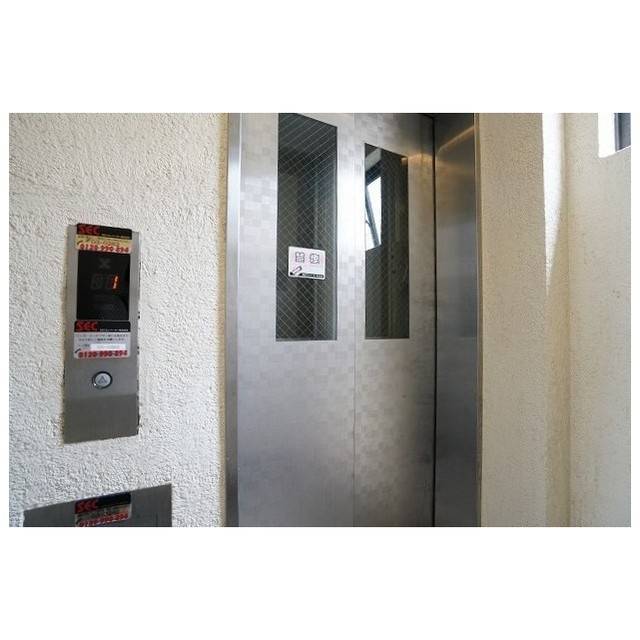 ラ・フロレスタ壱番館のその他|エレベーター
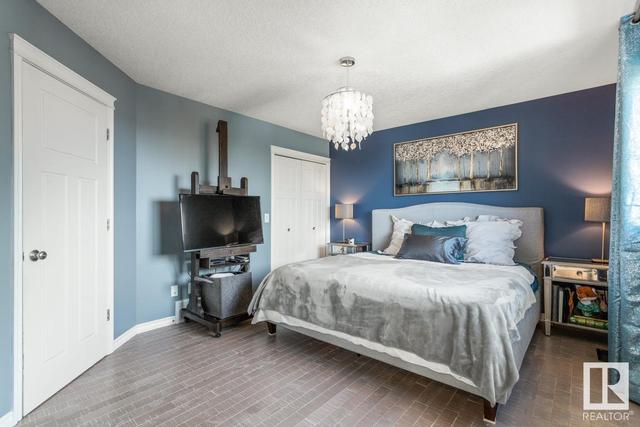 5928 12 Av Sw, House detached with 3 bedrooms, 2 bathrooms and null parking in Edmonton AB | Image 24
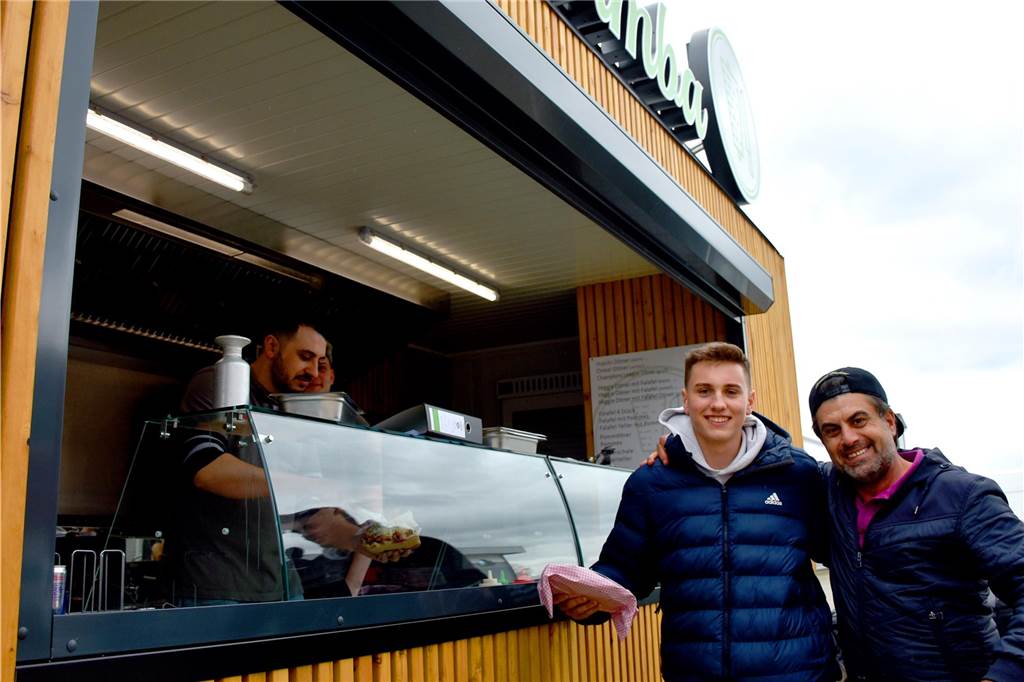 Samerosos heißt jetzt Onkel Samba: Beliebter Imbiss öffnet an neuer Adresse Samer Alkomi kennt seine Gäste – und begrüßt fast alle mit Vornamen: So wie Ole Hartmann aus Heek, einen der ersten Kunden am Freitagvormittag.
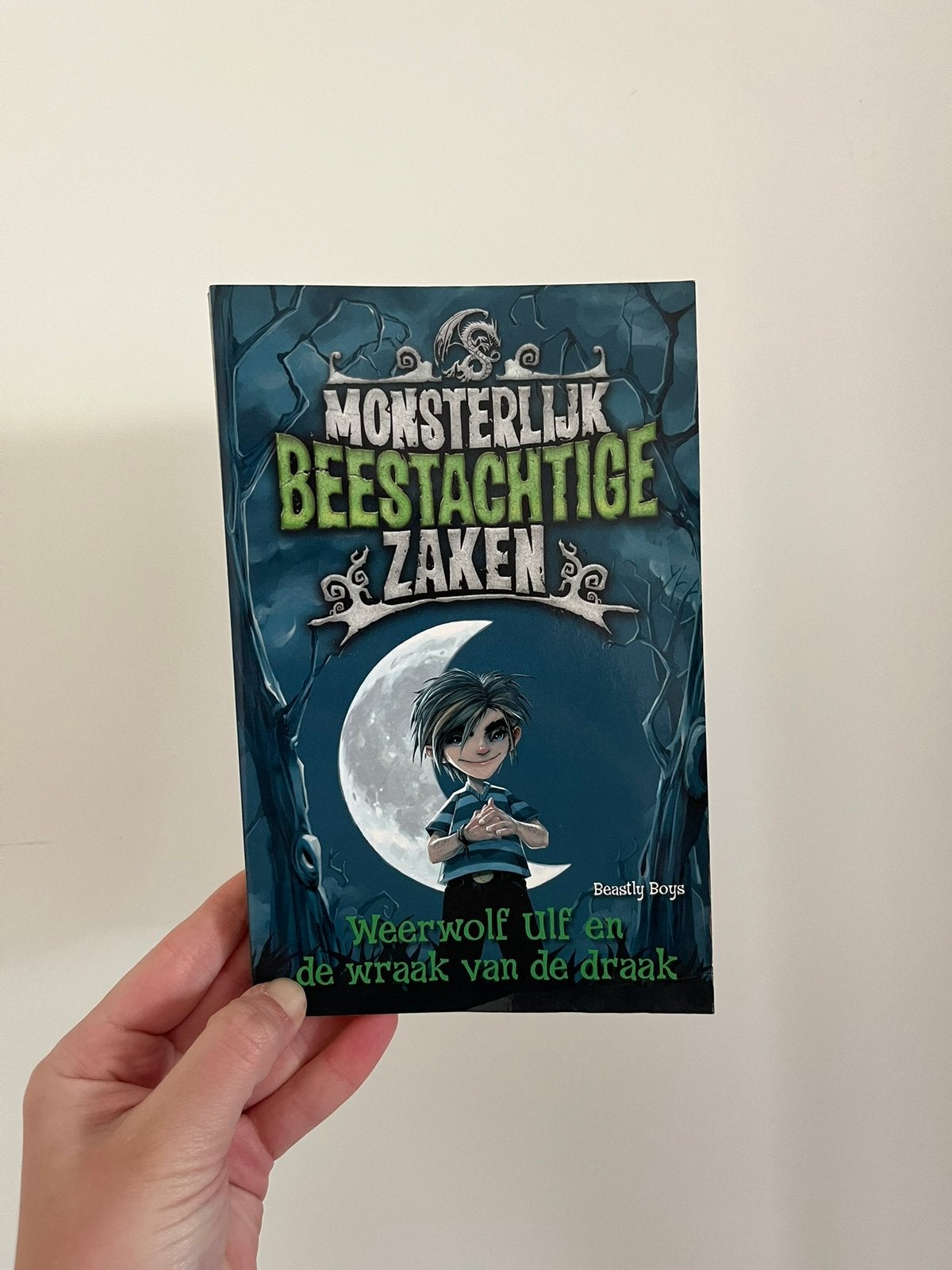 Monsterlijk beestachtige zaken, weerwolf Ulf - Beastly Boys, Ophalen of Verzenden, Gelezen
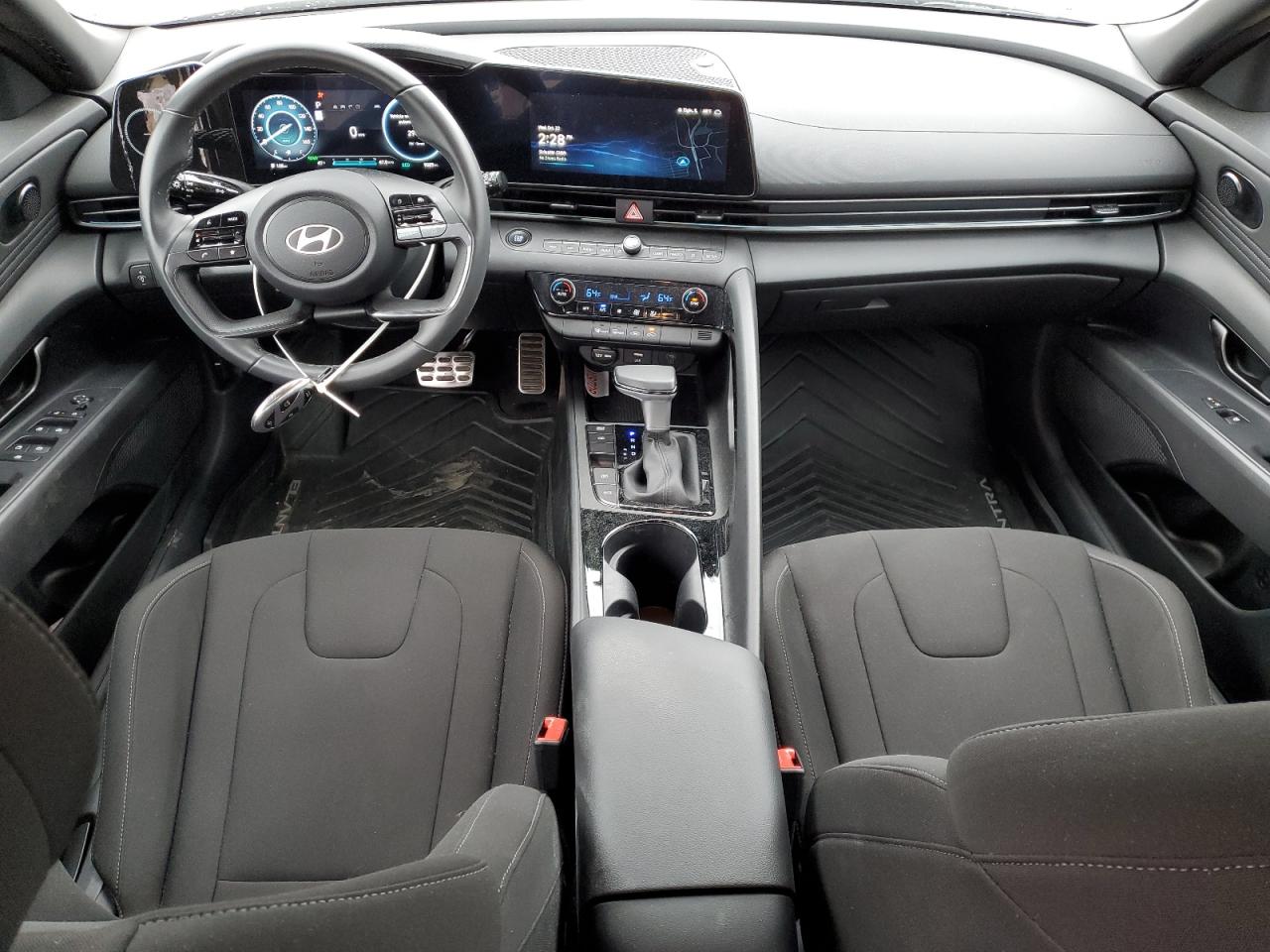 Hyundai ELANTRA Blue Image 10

WHAT NEEDS TO BE DONE: With pictures omitted, copy exactly the lines from the one containing "Monsterlijk beestachtige zaken, weerwolf" through the final line of the listing, both included.

EXERCISE SOLUTION:
 Monsterlijk beestachtige zaken, weerwolf Ulf - Beastly Boys, Ophalen of Verzenden, Gelezen
 Hyundai ELANTRA Blue Image 10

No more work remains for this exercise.